In a statement, Minority Leader Nancy Pelosi said Speaker Paul Ryan and other GOP leaders should immediately take the chairmanship of a House Judiciary subcommittee from King, who this past weekend said America can't restore "our civilization with somebody else's babies."
"Where are Speaker Ryan and the GOP leadership?" asked Pelosi, D-Calif. "Does their silence mean Congressman Steve King's vile racism is acceptable? House Republicans think they can keep quiet, but their contempt for the great diversity of our nation is being heard loud and clear."
Several Republicans and Democrats criticized King for his comments, with Ryan saying he disagreed with the remarks.
"We're a melting pot. My family's here because the potatoes stopped growing in Ireland," he told Fox News Monday night. "The American idea is this beautiful idea which is there for everyone, which is that the condition of your birth doesn't determine your outcome in life."
Ryan said he hasn't spoken with King. "I'd like to think he misspoke and it wasn't really meant the way it sounds and hopefully he's clarified that," said the Wisconsin Republican.

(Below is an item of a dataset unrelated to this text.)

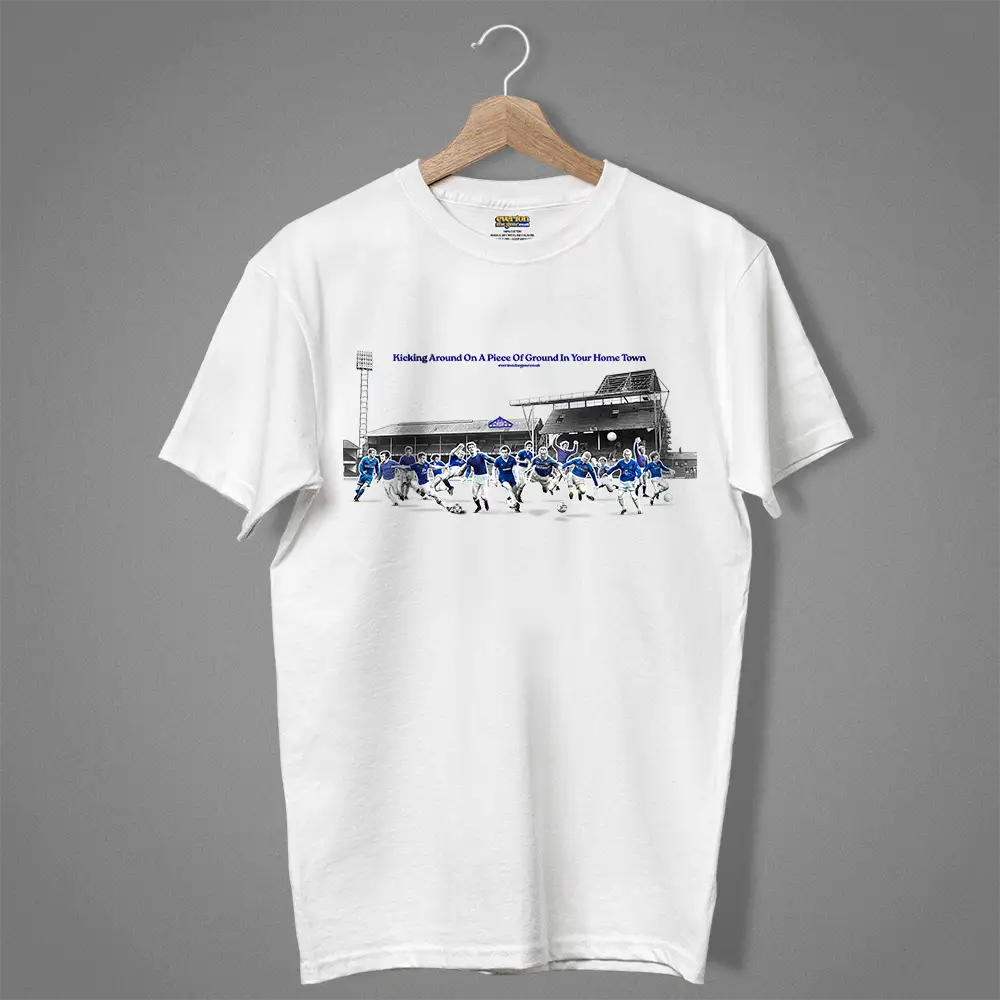 Kicking Around image 3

King stood by those comments in a CNN interview on Monday in which he also said, "If you go down the road a few generations or maybe centuries with the intermarriage, I'd like to see an America that (is) so homogenous that we look a lot the same from that perspective."
King's initial comments on Twitter were part of a tribute to Geert Wilders, a Dutch politician who opposes immigration and has spoken against Islam. It came as the Dutch prepared for an election for prime minister.

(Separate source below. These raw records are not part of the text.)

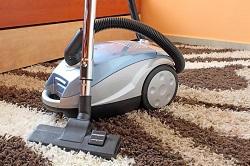 barnet cleaning carpets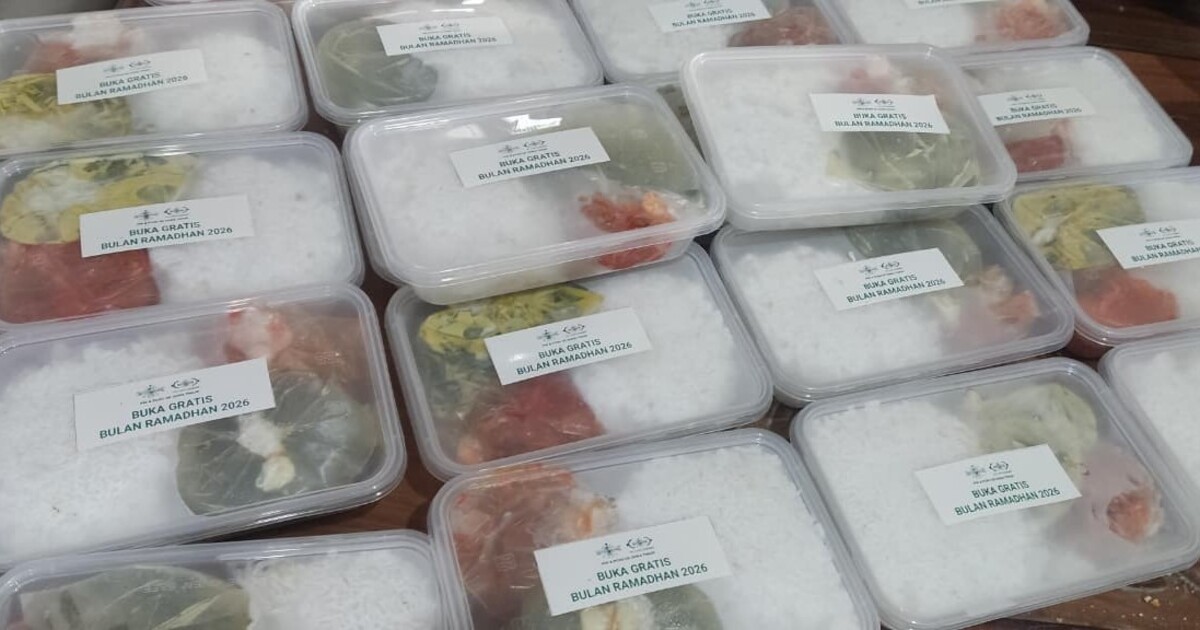 Peduli Aceh, LAZISNU se-Jatim Sedia 40 Ribu Porsi  ...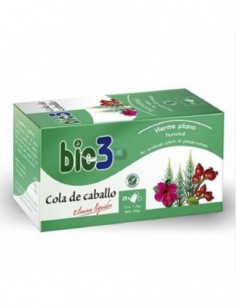 BIE3 COLA DE CABALLO 1.5 G...
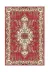 Alanur Home Alanur Trend Kaymaz Taban Dijital Banyo 2'li Klozet Takımı Kt483 Bordo 2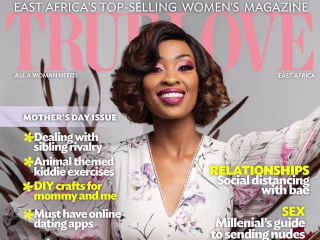 TRUE LOVE Magazine East Africa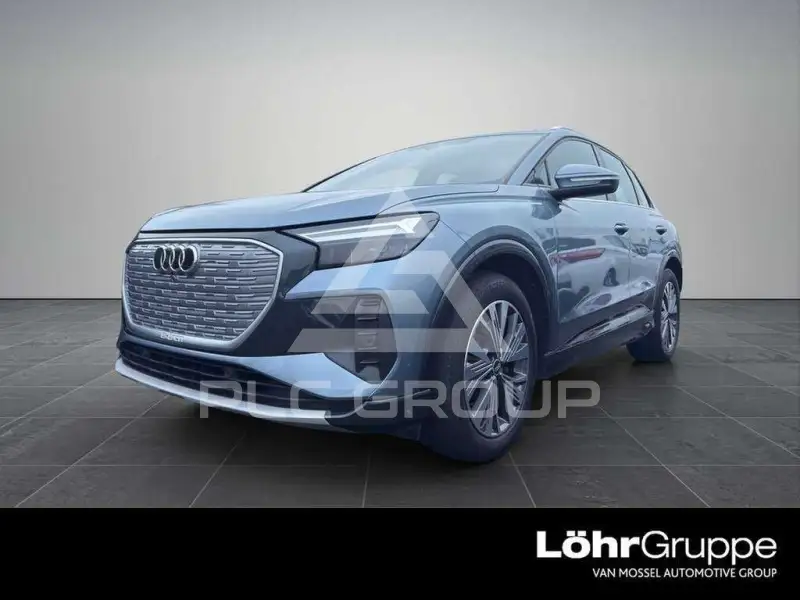 2021 Audi E-TRON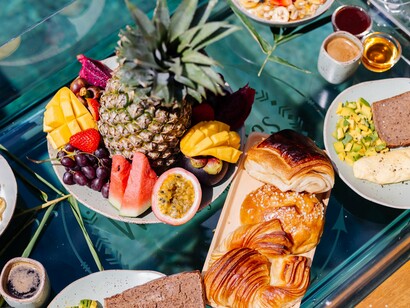 You can eat the gelato and come home feeling strong: mindful choices mean guilt-free treats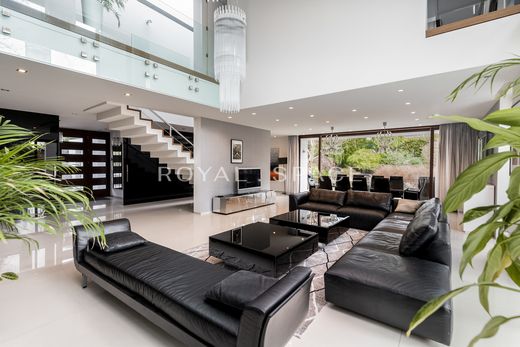 Πολυτελή κατοικία σε Κρακοβία, Kraków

King is known for making racially charged commentary. Last year, at the Republican National Convention, King questioned contributions to civilization by nonwhites. In 2013, he described children in the country illegally as having "calves the size of cantaloupes because they've been hauling 75 pounds of marijuana across the desert."

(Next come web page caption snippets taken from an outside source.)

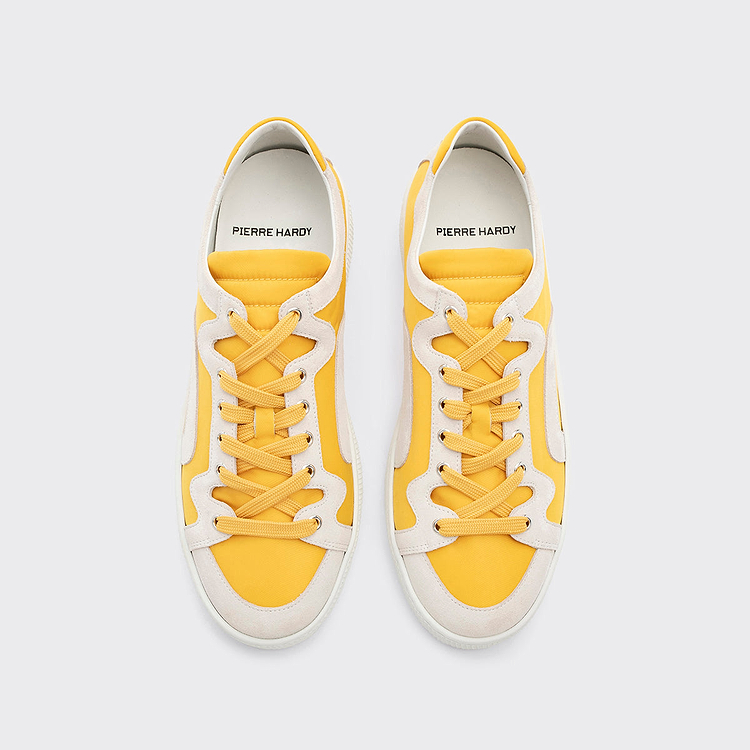 BASKETS ALPHA - HOMME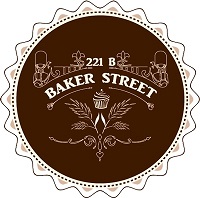 Bakers Street Bakery Shop Noida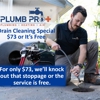 Plumb Pro + gallery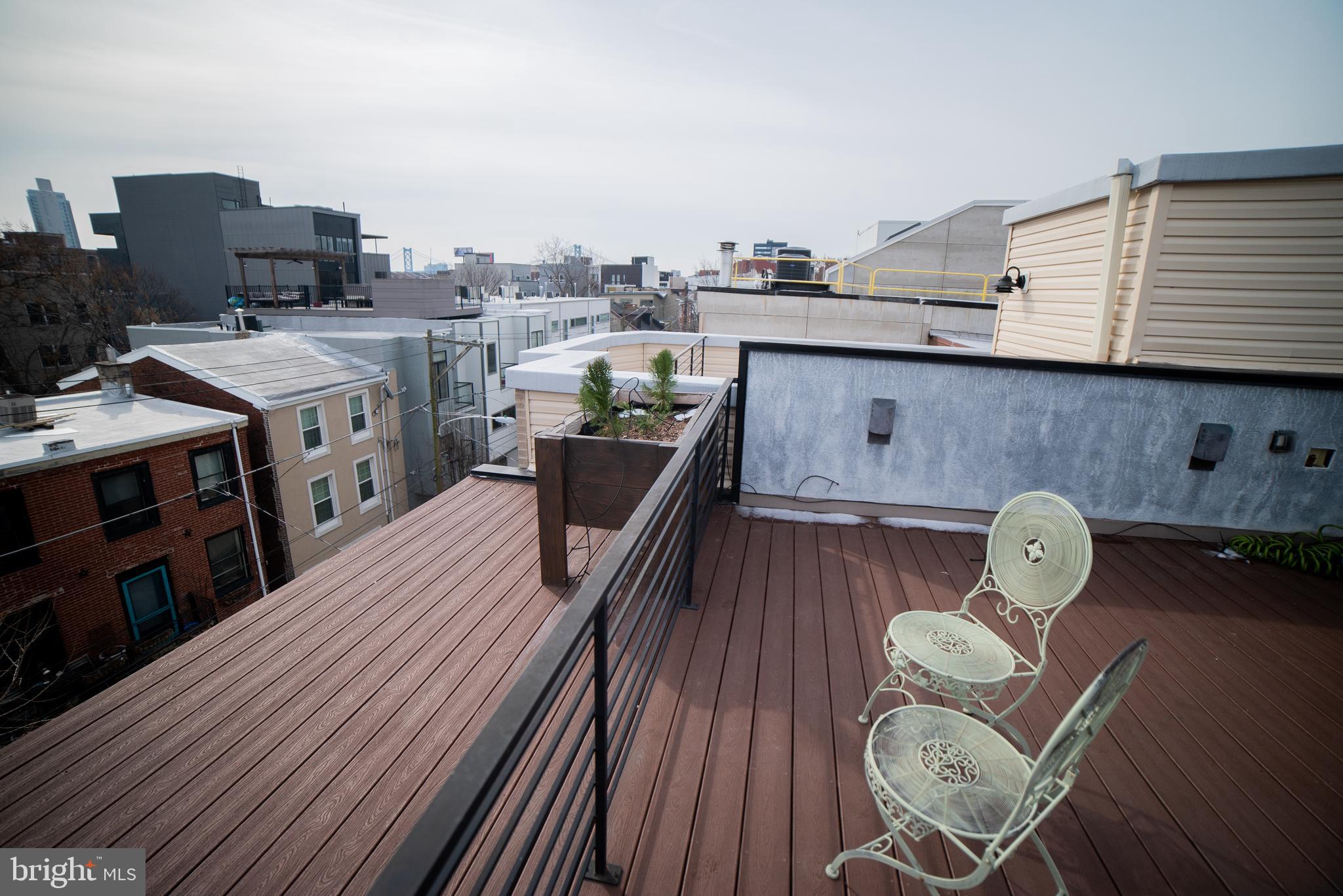 NORTHERN LIBERTIES - Residential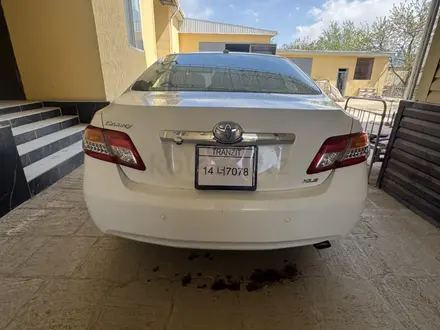 Toyota Camry 2010 года за 5 800 000 тг. в Актау – фото 9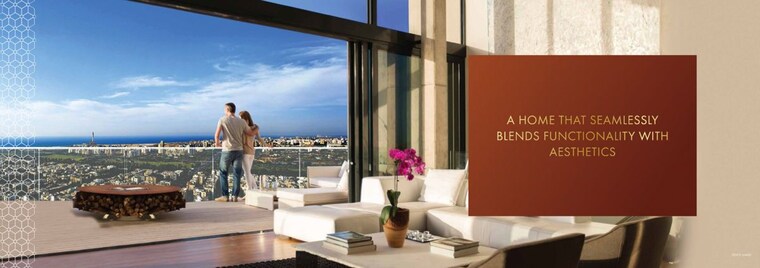 Living Room, borivali west 2 Bedroom 600 Sq.Ft. Apartment In Borivali West Mumbai 10315158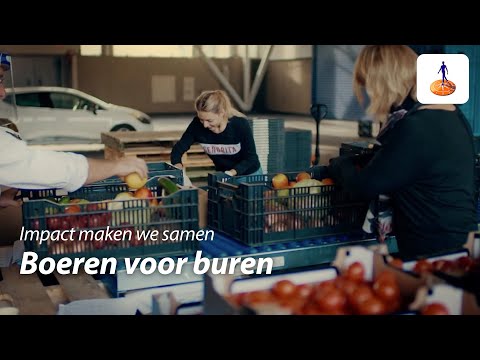 Boeren voor buren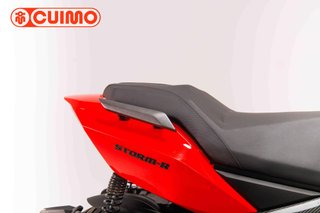 WOTTAN STORM 125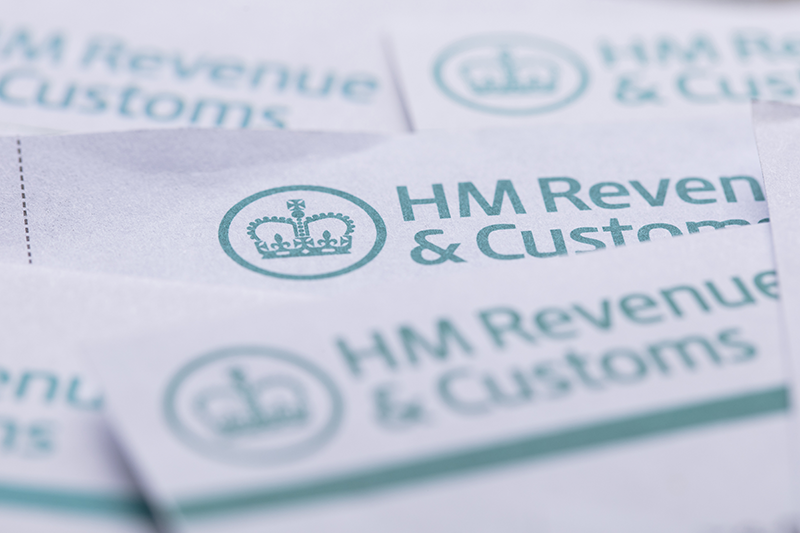 Phishing Scam ALERT: The Latest HMRC Scams Featured Image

Later Monday, in an interview with Iowa radio host Jan Mickelson on 1040 WHO, King said blacks and Hispanics will be battling each other before whites become the minority in the United States.
King was responding to Univision's Jorge Ramos' comments about changes in the U.S. demographic in the next decades.
"When you start accentuating the differences, then you start ending up with people that are at each other's throats. And he's adding up Hispanics and blacks into what he predicts will be in greater number than whites in America. I will predict that Hispanics and the blacks will be fighting each other before that happens," King said.